LTX-2 Image-to-Video Adapter LoRA
A high-rank LoRA adapter for LTX-Video 2 that substantially improves image-to-video generation quality. No complex workflows, no image preprocessing, no compression tricks -- just a direct image embedding pipeline that works.
What This Is
This LoRA was trained on 30,000 generated videos spanning a wide range of subjects, styles, and motion types. The result is a highly generalized adapter that strengthens LTX-2's ability to take a single image and produce coherent, high-fidelity video from it.
Key Specs
| Parameter | Value |
|---|---|
| Base Model | LTX-Video 2 |
| LoRA Rank | 256 |
| Training Set | ~30,000 generated videos |
| Training Scope | Visual only (no explicit audio training) |
What It Does
- Improved image fidelity -- the generated video maintains stronger adherence to the source image with less drift or distortion across frames.

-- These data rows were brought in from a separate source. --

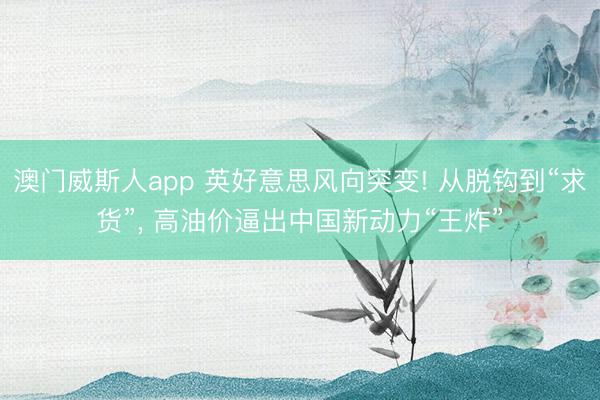 澳门威斯人app 英好意思风向突变! 从脱钩到“求货”, 高油价逼出中国新动力“王炸”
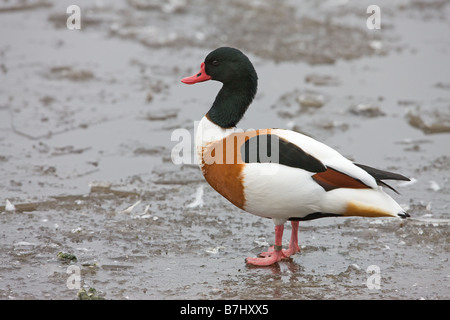 Gemeinsamen Brandgans Tadorna Tadorna erwachsenen männlichen stehen auf dem Eis auf einem gefrorenen See Stockfoto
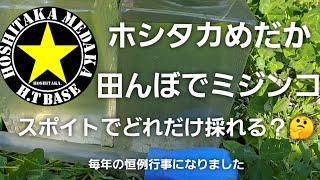 【ホシタカめだか】今年も田んぼでミジンコ‼️ [upl. by Ameh393]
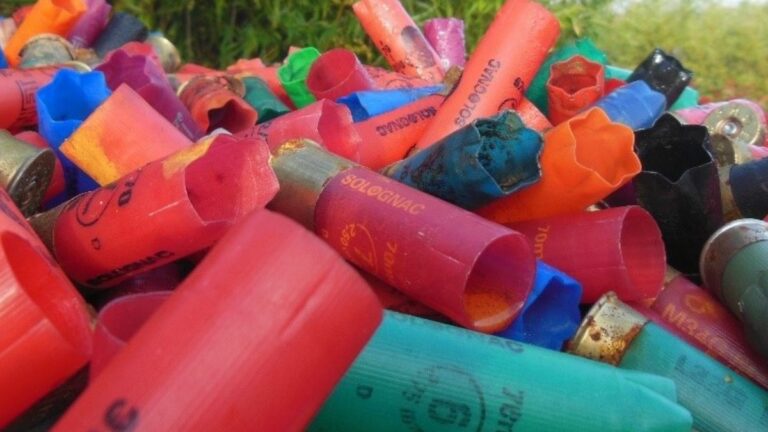 Que faire des vieilles cartouches de chasse ?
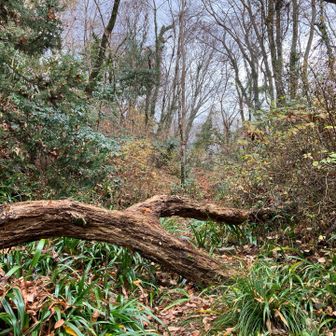 足の短さが難い…右回り入り口の倒木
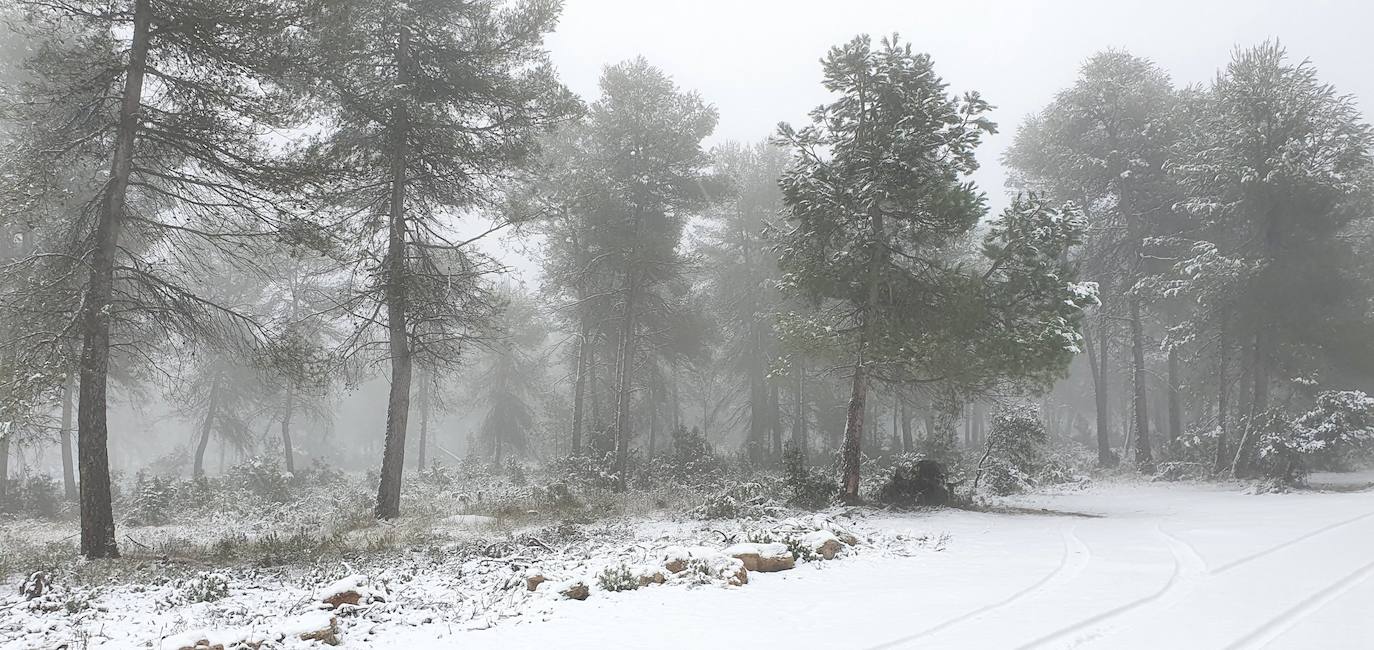 Sierra Mariola: El primer temporal del invierno entra en la Comunitat cubriendo de blanco buena parte del interior de las provincias de Castellón, Valencia y Alicante. Aemet ha aumentado el aviso naranja previsto ya que los acumulados podrían ser considerables, de hasta quince centímetros. La borrasca no abandonará el territorio regional hasta el próximo sábado.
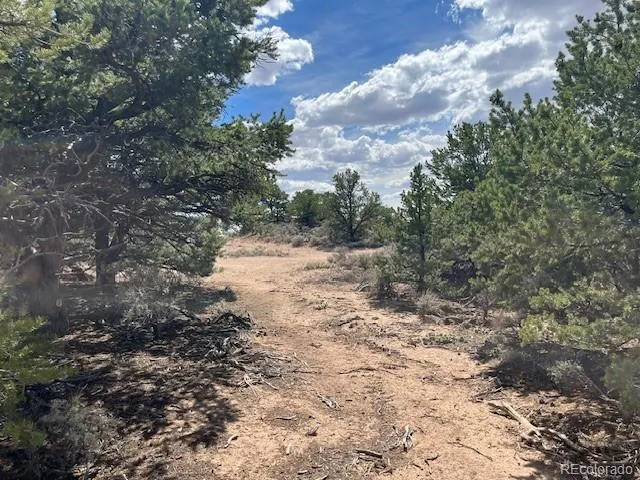 Lot 8 Coyote Court San Luis, CO 81152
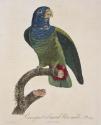 Plate 114: "Perroquet a Camail bleu, male"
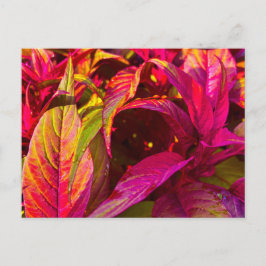 Ljus Magenta och Gröna Blad Närbild Vykort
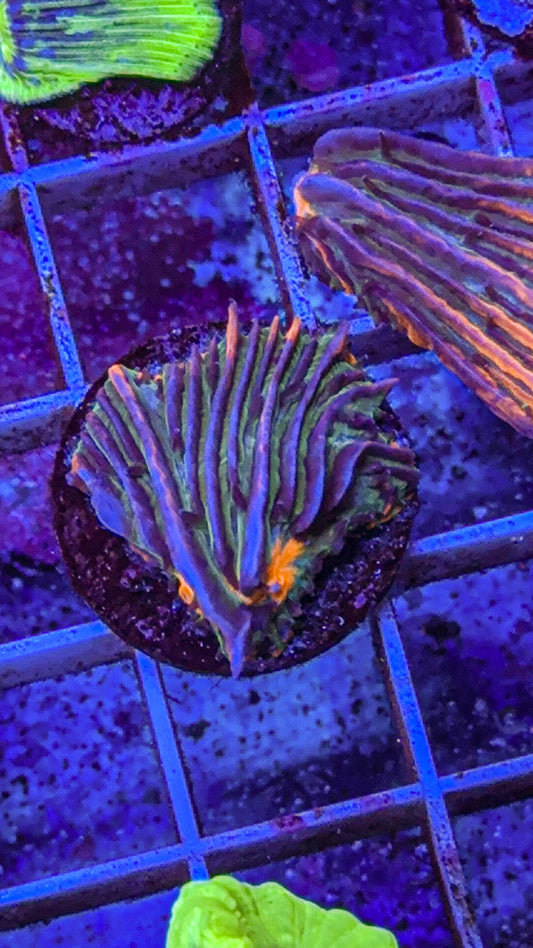 Fungia Frag (WYSIWYG)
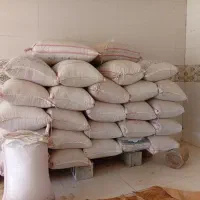 گندم کوهدشت|عمده‌فروشی|سرپل ذهاب, |دیوار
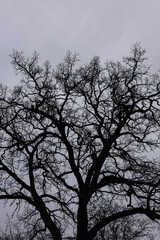 silhouette of tree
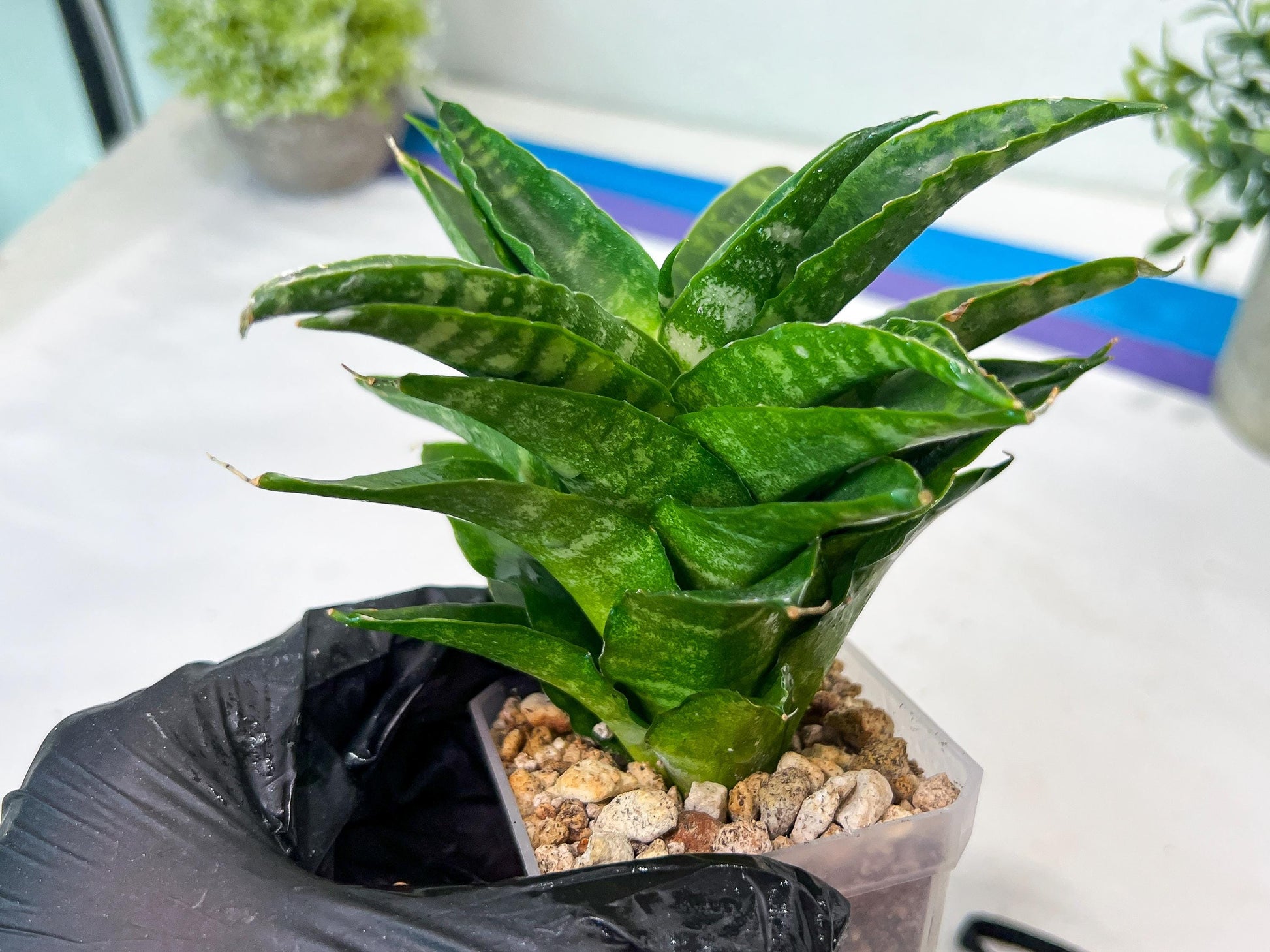Sansevieria Kraden (#Ha74) | Imported Hybrids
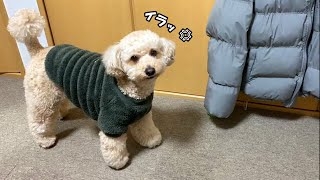 何かに怒っている大きいトイプードル【デカプー】【トイプードルのロアくん】【toy poodle】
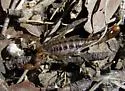 Superstition Mountains Scorpion - photo 4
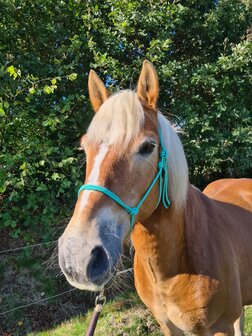 Horse Charms Touwhalster Basic &#039;Amazing Mint&#039;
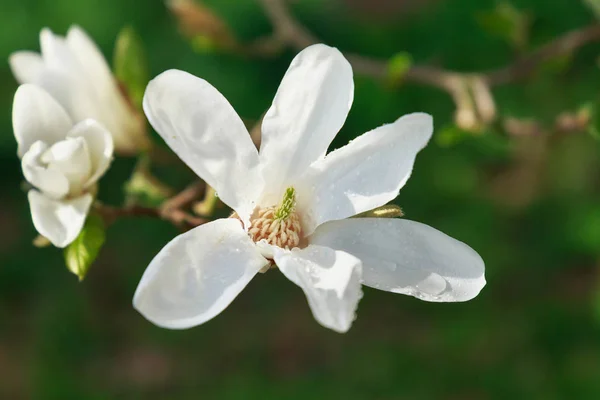 Magnolia Blanche Fleurs Dans Jardin Printemps — Photo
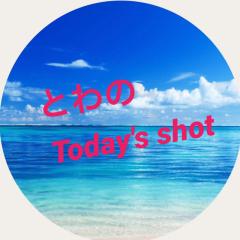 とわのToday's shot💕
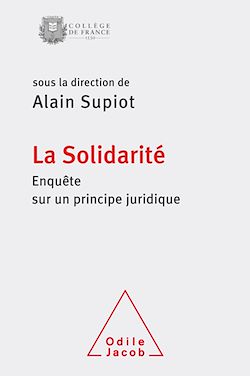 Télécharger le livre :  La Solidarité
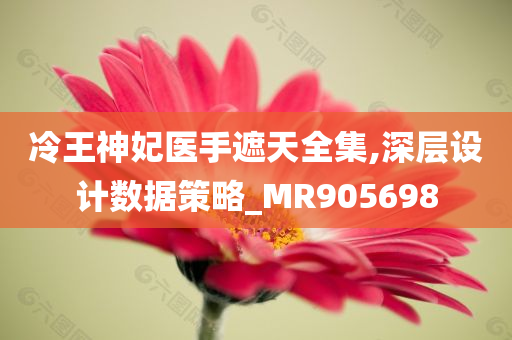 冷王神妃医手遮天全集,深层设计数据策略_MR905698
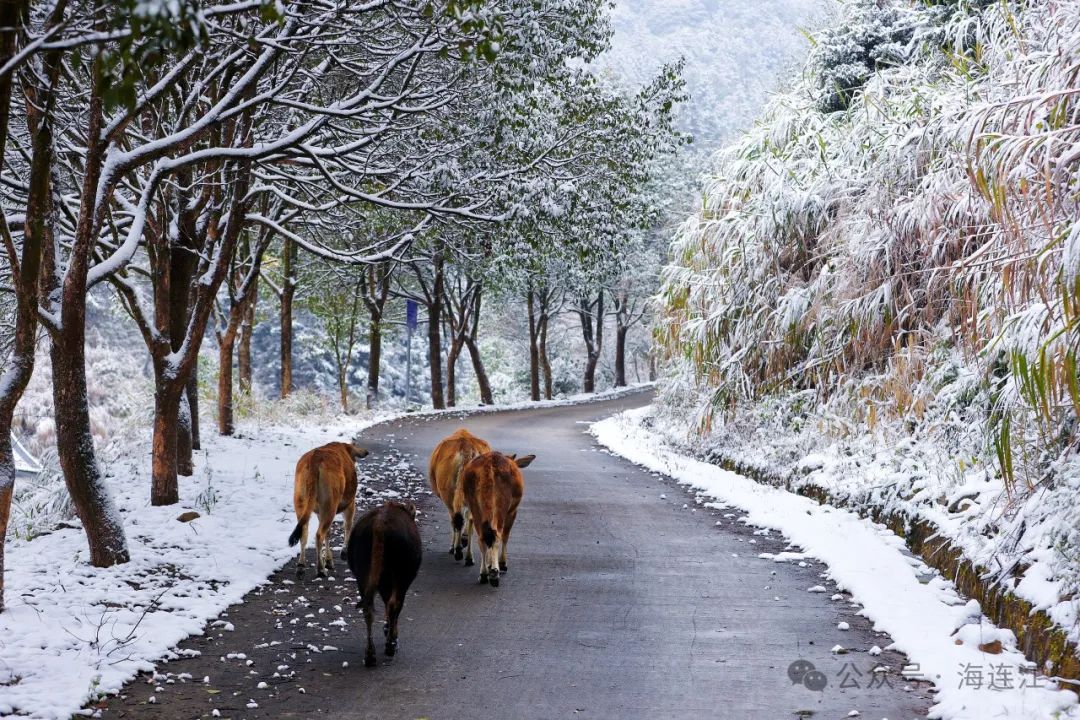 美翻了！连江又一波雪景大片“上新”！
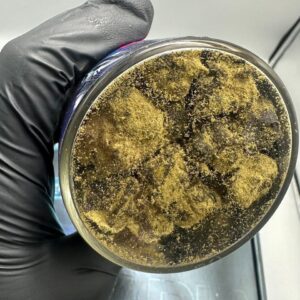 Alternative view of Arcadia Moonrocks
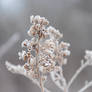 waiting for spring -2025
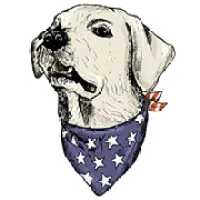 1st Capital Certified Roofing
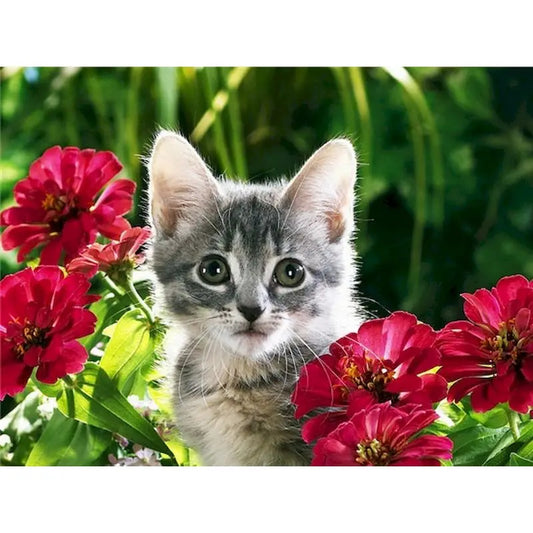 Diamond Painting Dieren - Kat met bloemen landschap wanddecoratie - DZDP32703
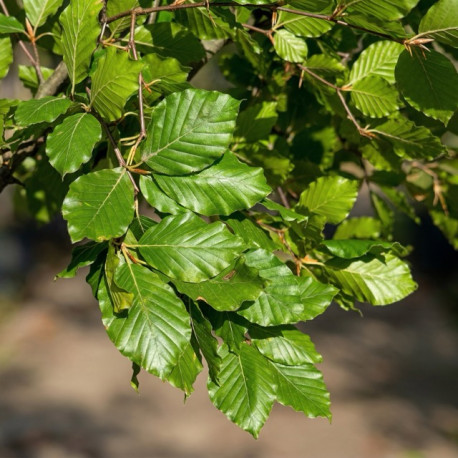 Groene beuk, Fagus Sylvatica blad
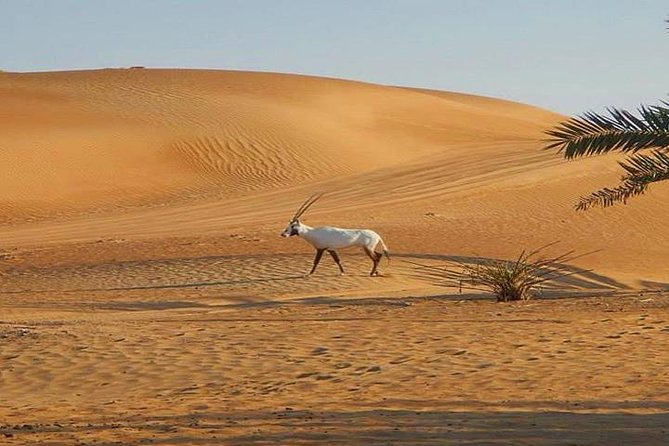 7-hour Small Group 4x4 Desert Safari Tour with Buffet Dinner in Dubai - Practical ways to have a better day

- Better motion coherence -- subjects move more naturally and consistently throughout the clip.
- Broader generalization -- performs well across diverse subjects and scenes without needing per-category tuning.
- Zero-workflow overhead -- no ControlNet, no IP-Adapter stacking, no image manipulation required. Load the LoRA, attach an image embedding, prompt, and generate.
A Note on Audio
Audio was not explicitly trained into this LoRA. However, due to the nature of how LTX-2 handles its latent space, there are subtle shifts in audio output compared to the base model. This is a side effect of the training process, not an intentional feature.
Usage (ComfyUI)
- Place the LoRA file in your
ComfyUI/models/loras/directory. - Add an LTX-2 model loader node and load the base LTX-2 checkpoint.
- Add a Load LoRA node and select this adapter.
- Connect an image embedding node with your source image.
- Add your text prompt and generate.
No additional nodes, preprocessing steps, or auxiliary models are needed.
Workflow
Examples
Reference videos demonstrating the adapter's output quality:
Model Details
- Architecture: LoRA (Low-Rank Adaptation) applied to LTX-Video 2's transformer layers
- Rank 256 provides a high-capacity adaptation while remaining efficient to load and merge
- Training data was intentionally diverse to avoid overfitting to any single domain, producing a general-purpose image-to-video adapter rather than a style-specific fine-tune
License
Please refer to the LTX-Video license for base model terms.